→ **Your goal**: Would you filter these records and copy every line that has the word "Multi"?
═══ Record extracts
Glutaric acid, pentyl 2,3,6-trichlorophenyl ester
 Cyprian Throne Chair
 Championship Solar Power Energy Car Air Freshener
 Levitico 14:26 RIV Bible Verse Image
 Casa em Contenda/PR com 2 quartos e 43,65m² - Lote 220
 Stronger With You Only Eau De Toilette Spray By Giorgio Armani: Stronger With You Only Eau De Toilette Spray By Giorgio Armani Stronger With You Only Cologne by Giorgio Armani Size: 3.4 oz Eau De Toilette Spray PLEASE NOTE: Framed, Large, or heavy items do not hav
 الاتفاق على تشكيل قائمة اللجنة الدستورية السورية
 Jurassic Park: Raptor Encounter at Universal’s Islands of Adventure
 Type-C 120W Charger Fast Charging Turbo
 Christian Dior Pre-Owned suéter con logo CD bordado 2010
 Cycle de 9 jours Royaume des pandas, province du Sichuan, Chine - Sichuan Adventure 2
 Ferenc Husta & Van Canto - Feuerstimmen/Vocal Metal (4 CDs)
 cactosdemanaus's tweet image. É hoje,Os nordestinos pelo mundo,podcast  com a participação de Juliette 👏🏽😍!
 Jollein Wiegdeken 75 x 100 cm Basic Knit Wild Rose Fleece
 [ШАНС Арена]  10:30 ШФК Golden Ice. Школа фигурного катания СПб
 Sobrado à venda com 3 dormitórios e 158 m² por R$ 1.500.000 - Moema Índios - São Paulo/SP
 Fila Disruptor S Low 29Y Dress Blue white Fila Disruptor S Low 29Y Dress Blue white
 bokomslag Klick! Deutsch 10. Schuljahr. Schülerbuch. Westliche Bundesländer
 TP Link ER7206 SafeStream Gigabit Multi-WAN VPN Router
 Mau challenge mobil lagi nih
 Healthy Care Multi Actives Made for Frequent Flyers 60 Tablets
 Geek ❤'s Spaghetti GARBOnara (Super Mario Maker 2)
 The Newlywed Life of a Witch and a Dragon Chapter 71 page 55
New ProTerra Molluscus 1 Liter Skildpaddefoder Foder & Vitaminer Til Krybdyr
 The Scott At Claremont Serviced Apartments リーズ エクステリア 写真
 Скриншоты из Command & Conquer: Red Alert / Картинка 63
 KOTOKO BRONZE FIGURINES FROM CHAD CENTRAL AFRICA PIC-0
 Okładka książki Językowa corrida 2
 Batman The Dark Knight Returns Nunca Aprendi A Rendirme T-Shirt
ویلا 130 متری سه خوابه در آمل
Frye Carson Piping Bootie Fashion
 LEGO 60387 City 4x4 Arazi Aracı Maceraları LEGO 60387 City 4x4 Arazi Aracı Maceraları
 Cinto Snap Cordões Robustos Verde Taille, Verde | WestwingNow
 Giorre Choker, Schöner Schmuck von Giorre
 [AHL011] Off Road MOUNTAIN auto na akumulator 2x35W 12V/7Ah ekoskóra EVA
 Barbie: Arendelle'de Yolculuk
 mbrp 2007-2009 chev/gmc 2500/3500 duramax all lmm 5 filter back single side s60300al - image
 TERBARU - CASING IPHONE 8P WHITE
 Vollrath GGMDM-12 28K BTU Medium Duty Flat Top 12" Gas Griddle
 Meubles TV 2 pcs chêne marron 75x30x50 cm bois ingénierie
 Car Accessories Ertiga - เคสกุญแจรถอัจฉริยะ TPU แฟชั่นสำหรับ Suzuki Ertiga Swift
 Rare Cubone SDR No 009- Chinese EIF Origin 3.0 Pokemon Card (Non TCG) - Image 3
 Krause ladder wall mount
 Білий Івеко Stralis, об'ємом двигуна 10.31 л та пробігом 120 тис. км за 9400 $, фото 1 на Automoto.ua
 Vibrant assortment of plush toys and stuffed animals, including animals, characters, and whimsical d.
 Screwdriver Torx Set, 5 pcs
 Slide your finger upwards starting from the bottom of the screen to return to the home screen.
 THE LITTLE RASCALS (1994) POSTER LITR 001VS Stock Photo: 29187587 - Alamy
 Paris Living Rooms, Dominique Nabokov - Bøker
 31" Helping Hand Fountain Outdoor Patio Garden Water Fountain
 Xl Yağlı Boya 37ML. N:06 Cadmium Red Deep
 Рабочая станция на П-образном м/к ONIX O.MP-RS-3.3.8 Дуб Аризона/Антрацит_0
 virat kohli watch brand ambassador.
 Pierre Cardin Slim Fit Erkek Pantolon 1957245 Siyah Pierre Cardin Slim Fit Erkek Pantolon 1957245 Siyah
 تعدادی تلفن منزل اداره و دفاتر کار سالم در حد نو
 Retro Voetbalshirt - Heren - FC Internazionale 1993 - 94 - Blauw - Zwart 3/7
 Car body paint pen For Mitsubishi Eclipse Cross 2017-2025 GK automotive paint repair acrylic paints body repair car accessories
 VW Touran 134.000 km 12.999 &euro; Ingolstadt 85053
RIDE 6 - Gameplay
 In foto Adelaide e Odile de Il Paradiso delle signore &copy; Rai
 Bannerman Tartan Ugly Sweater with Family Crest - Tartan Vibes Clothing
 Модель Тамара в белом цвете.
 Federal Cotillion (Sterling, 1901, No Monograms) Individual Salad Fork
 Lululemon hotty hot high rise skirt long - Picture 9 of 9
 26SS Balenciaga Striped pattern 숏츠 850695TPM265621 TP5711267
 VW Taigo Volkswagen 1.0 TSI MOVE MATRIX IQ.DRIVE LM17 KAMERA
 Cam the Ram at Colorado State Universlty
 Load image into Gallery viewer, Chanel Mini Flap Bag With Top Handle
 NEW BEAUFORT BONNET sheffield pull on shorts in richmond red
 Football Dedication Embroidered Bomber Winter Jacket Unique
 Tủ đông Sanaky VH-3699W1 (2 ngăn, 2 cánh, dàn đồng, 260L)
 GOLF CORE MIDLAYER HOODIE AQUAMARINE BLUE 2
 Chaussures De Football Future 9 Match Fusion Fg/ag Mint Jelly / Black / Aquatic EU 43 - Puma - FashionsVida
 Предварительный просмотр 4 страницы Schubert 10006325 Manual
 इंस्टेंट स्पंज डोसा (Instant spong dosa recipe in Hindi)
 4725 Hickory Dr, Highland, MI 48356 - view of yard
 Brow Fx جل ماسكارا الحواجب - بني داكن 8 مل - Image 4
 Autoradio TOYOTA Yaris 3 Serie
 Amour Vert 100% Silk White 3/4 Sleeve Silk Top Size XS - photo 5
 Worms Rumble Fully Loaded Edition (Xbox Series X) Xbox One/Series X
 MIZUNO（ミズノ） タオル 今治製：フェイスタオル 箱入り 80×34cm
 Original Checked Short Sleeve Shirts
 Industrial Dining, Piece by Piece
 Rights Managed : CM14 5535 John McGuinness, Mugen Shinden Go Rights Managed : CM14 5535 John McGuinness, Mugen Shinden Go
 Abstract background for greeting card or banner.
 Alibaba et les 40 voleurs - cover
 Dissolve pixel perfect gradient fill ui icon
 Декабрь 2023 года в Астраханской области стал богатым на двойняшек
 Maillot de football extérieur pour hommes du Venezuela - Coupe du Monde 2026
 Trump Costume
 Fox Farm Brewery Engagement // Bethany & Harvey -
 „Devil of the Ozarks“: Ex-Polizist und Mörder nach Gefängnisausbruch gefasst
══════
→ **Response to this exercise**:
 TP Link ER7206 SafeStream Gigabit Multi-WAN VPN Router
 Healthy Care Multi Actives Made for Frequent Flyers 60 Tablets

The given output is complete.